Scripture References

Further Reflections on Scripture References

This is a fine “send-off” text. God’s people compel each other to do two things: first, to go into the world to preach and baptize in obedience to Christ’s Great commission in Matthew 28:19 (st. 1), and second, to serve as Christ’s representatives and servants in the world (st. 2-3). The final stanza reveals a change of voice: now we hear the direct words of Christ’s Great Commission, when he promises to be with his church until the end of time (Matt. 28:20b).
 
Sing!  A New Creation

Confessions and Statements of Faith References

Further Reflections on Confessions and Statements of Faith References

According to the confessions, Christian worshipers are called to continue in service.

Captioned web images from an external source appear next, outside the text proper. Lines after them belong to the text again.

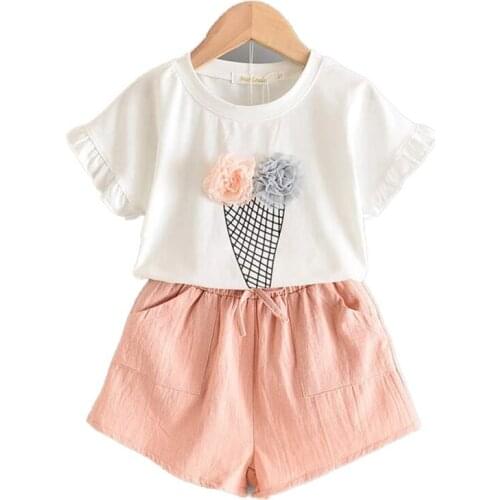 Girl Set Summer Brand 2021 New Clothes 2-6T for Girls Cartoon Ice-cream Pattern Cute T-shirt +Pocket Shorts Kid 2pcs Girl Suit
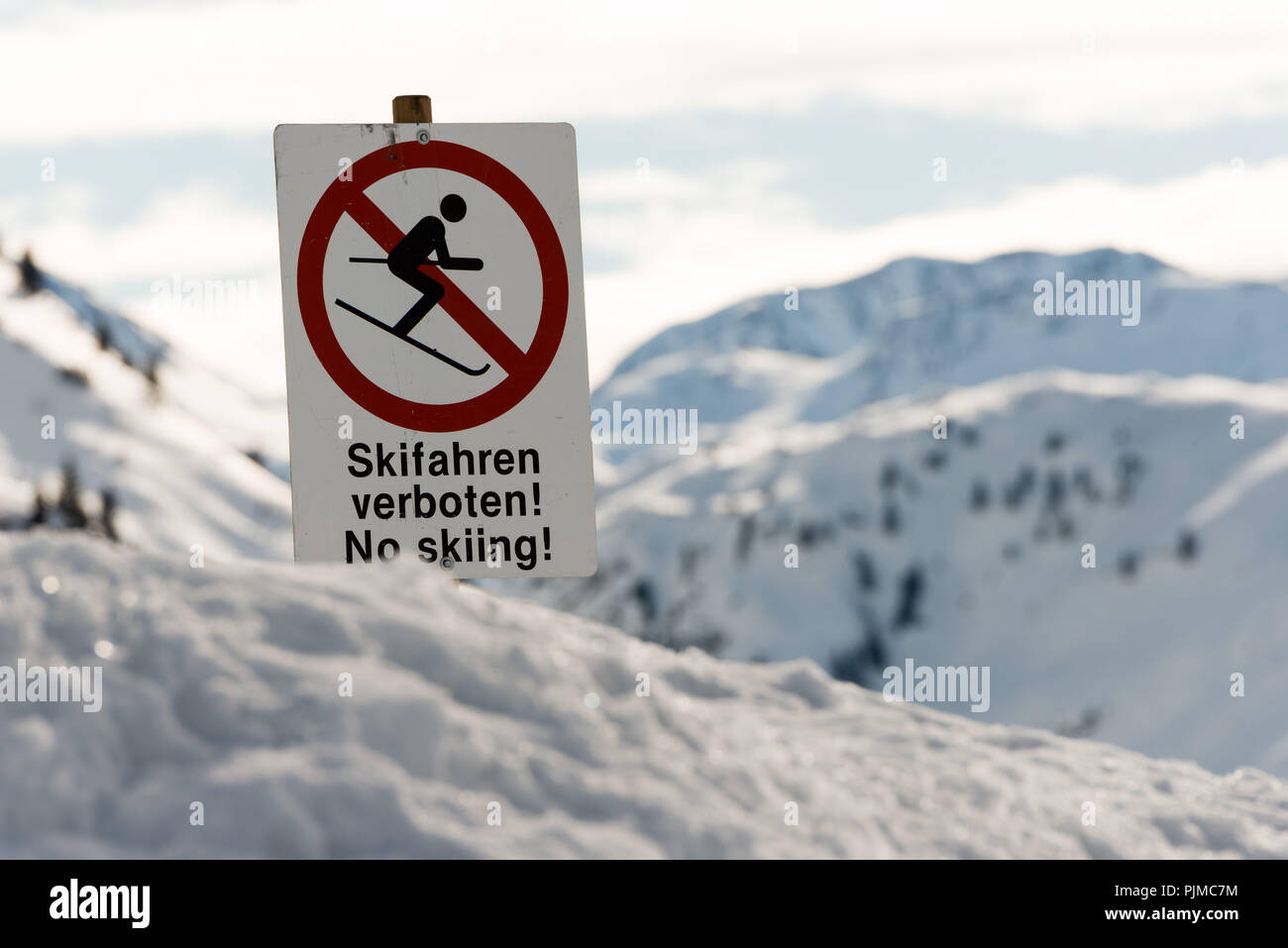 Lech am Arlberg, l'hiver, domaine skiable, sign Banque D'Images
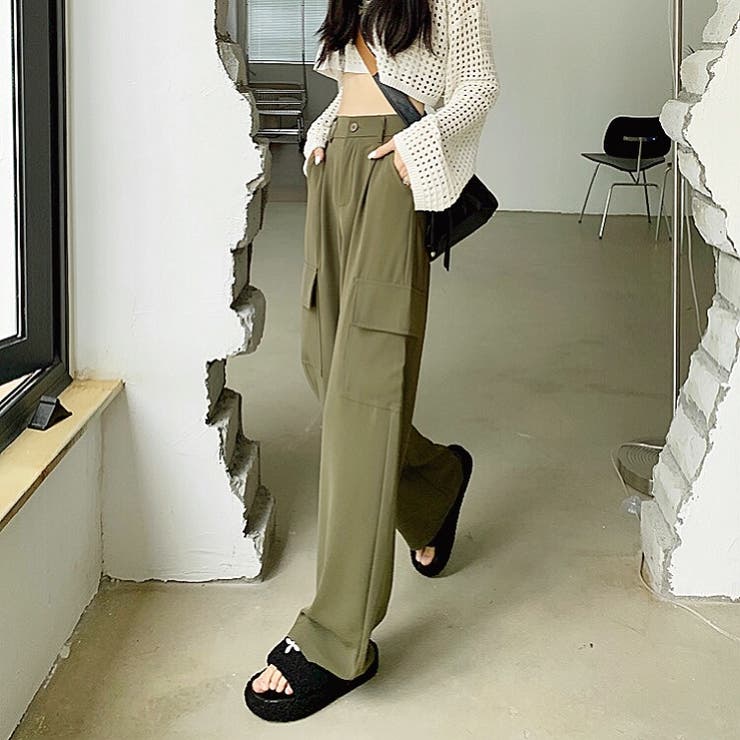 さらテロカーゴポケットパンツ 秋 冬 韓国 韓国ファッション パンツ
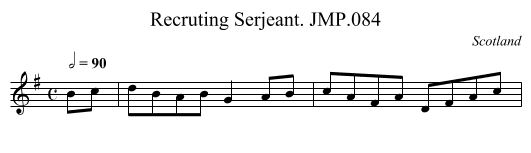 Recruting Serjeant. JMP.084 - staff notation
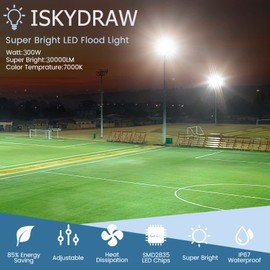 ISKYDRAW 300W LED Flood Light Outdoor, 2 Pack 30000lm Stadium Lights Outdoor LED Daylight 6500K, IP67 Waterproof Arena Floodlights for Parking Lot, Sports, Fields, Court, 85-265V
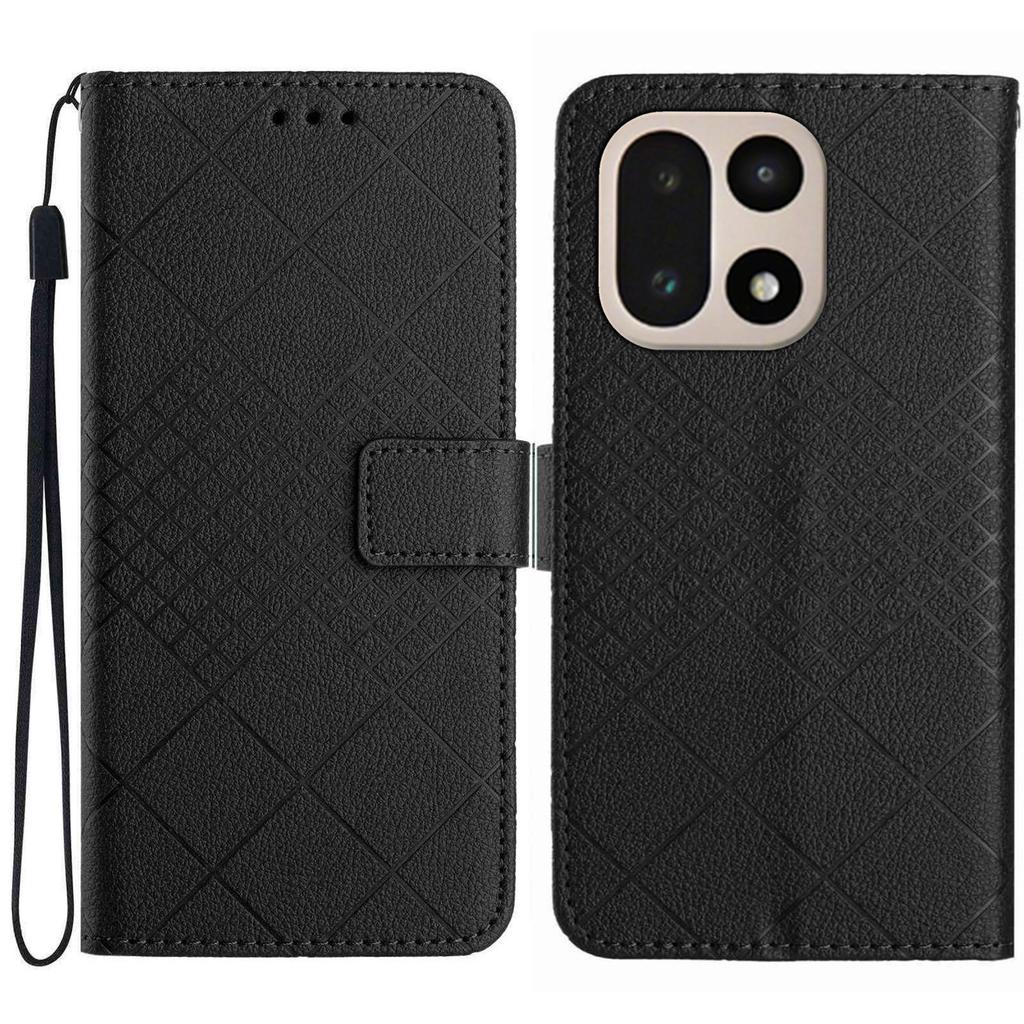 Etui Portfel z Wytłoczeniem ze Skóry PU Flip Folio Pokrowiec na Telefon dla OnePlus 15 5G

Heidelberg Catechism, Lord’s Day 12, Question and Answer 32 instructs us to think of ourselves as “a member of Christ…[who] share in his anointing.” So we profess “I am anointed to confess his name, to present myself to him as a living sacrifice of thanks, to strive with a free conscience against sin and the devil in this life, and afterward to reign with Christ over all creation for eternity.” We serve him with good works, “…so that with our whole lives we may show that we are thankful to God for his benefits, so that he may be praised through us, so that we may be assured of our faith by its fruits, and so that by our godly living our neighbors may be won over to Christ” (Heidelberg Catechism, Lord’s Day 32, Question and Answer 86). And so we are moved to “…embrace God’s mission in [our] neighborhoods and in the world...” (Our World Belongs to God, paragraph 41). Christians, therefore, leave worship believing that “to follow this Lord is to serve him wherever we are without fitting in, light in darkness, salt in a spoiling world” (Our World Belongs to God paragraph 43).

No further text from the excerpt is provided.